* EXERCISE PROMPT *
Output, word for word, the lines of this listing that fall between the line with "Bureau Pliable Noir Style Industriel,ASCOLI" and the line with "30 Pcs American", counting both of those lines, and no others.

* STORED DATA *
◇ ◇ ◇ ◇ ◇

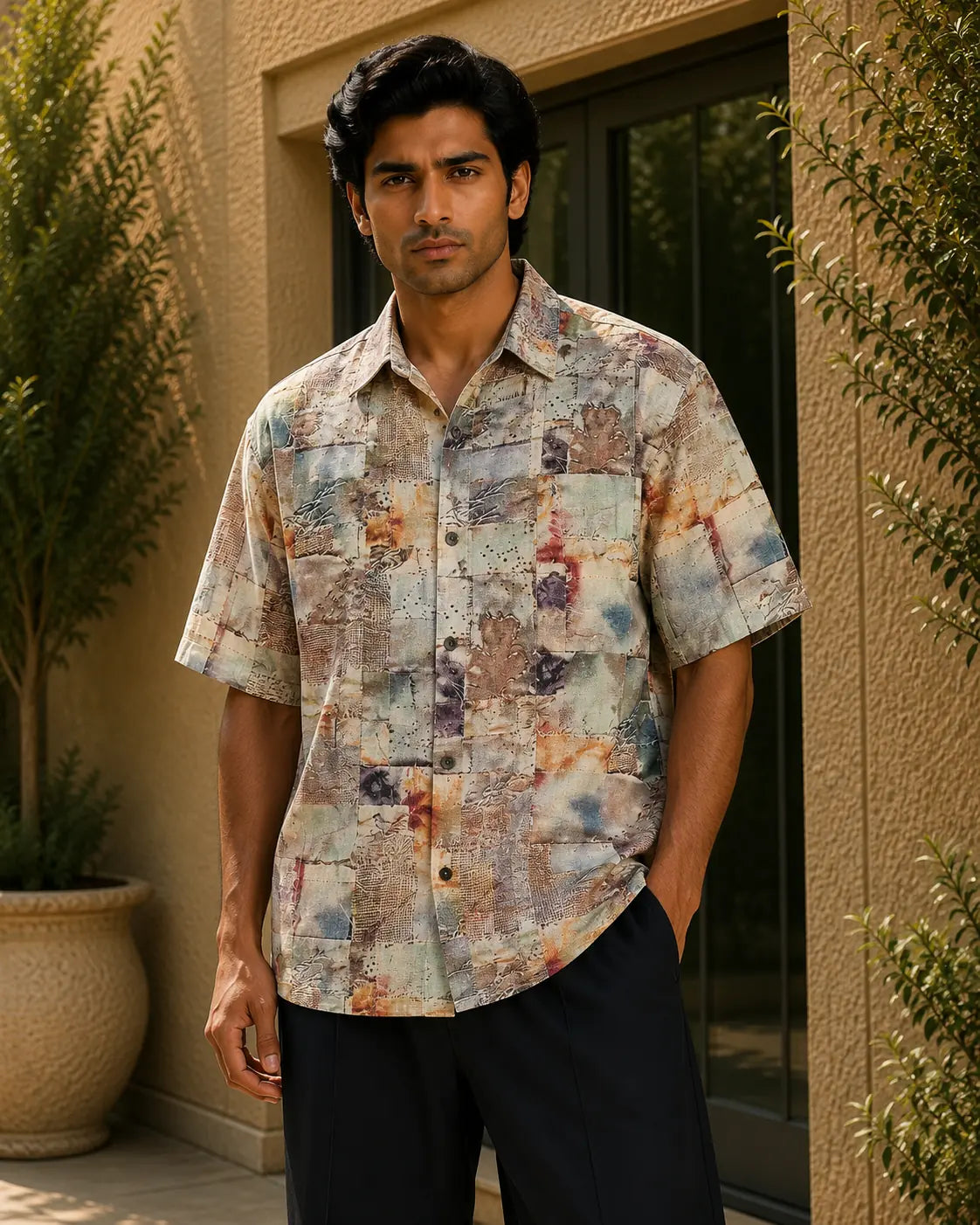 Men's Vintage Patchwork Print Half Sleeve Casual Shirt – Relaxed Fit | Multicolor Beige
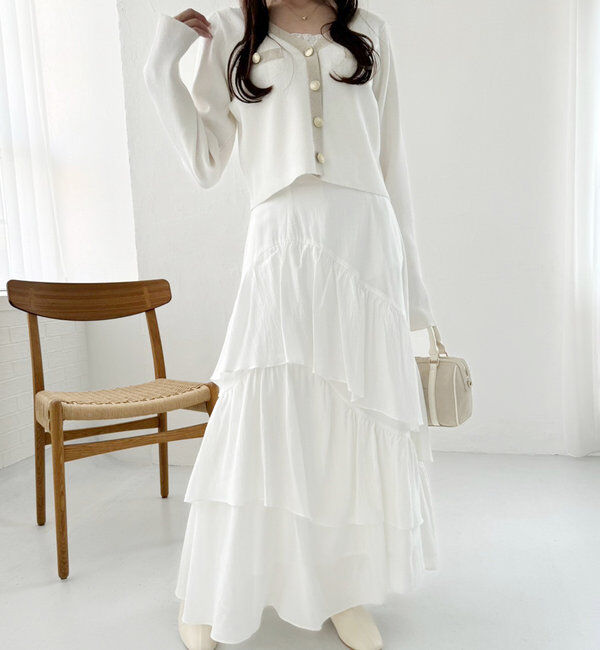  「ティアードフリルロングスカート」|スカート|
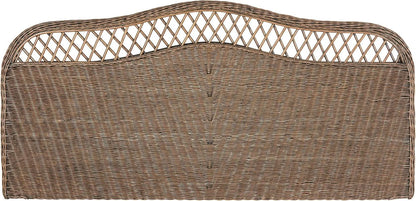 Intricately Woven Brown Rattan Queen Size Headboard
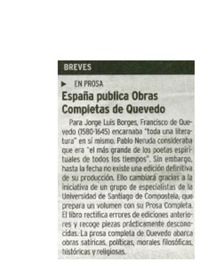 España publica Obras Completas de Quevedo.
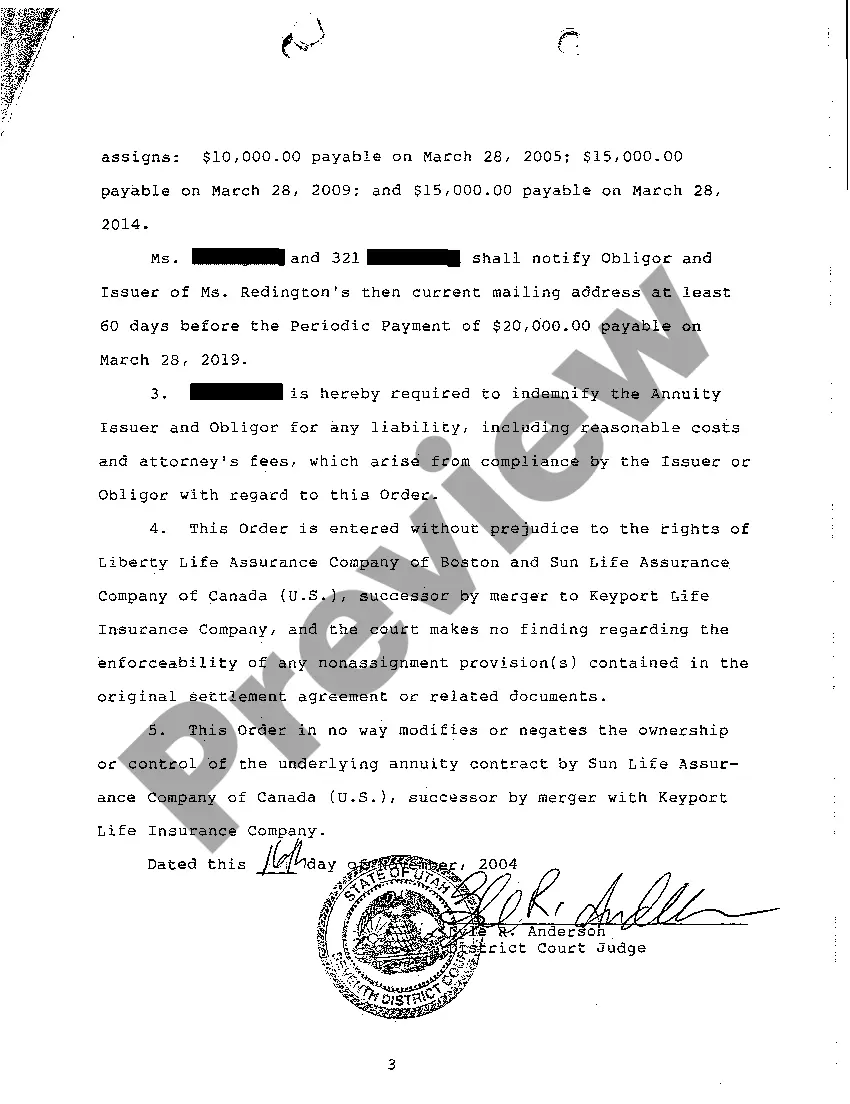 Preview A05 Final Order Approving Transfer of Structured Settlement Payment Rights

◇ ◇ ◇ ◇ ◇

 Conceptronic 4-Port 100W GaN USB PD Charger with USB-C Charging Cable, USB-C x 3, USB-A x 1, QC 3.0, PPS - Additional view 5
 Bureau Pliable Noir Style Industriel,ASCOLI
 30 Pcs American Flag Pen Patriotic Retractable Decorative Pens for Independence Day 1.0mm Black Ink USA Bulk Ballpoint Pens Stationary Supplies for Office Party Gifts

◇ ◇ ◇ ◇ ◇

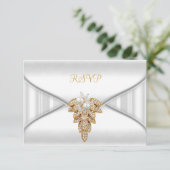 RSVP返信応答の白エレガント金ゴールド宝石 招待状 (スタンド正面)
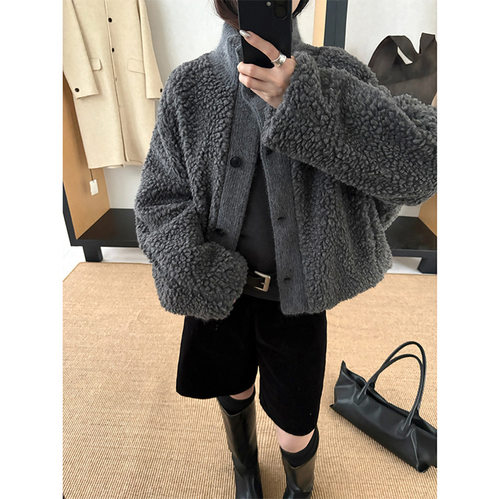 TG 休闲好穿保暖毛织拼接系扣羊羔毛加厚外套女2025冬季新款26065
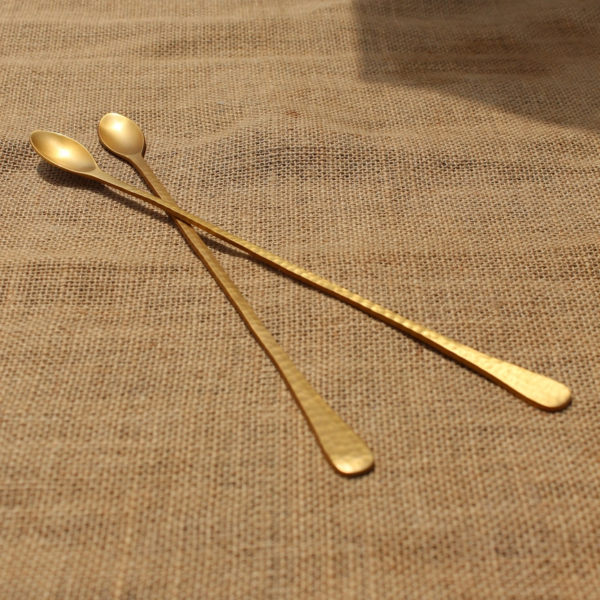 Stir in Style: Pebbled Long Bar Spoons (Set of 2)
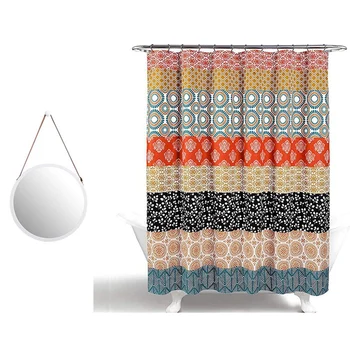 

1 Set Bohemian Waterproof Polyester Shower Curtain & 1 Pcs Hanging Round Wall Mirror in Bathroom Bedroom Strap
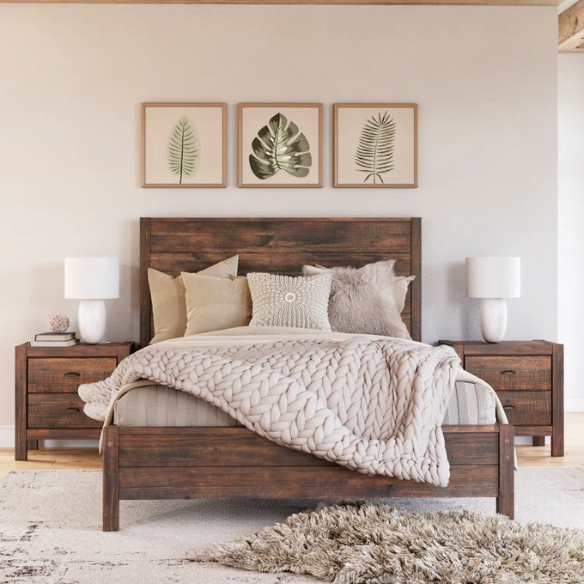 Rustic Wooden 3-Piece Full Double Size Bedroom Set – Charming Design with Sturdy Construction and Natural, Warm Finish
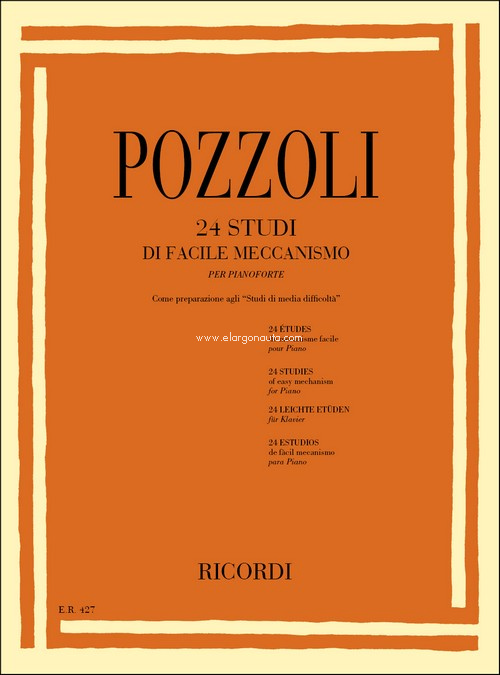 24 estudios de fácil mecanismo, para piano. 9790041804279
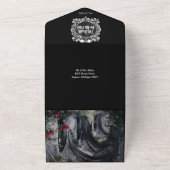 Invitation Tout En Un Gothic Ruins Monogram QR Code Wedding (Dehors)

◇ ◇ ◇ ◇ ◇

* RESPONSE TO THIS TASK *
 Bureau Pliable Noir Style Industriel,ASCOLI
 30 Pcs American Flag Pen Patriotic Retractable Decorative Pens for Independence Day 1.0mm Black Ink USA Bulk Ballpoint Pens Stationary Supplies for Office Party Gifts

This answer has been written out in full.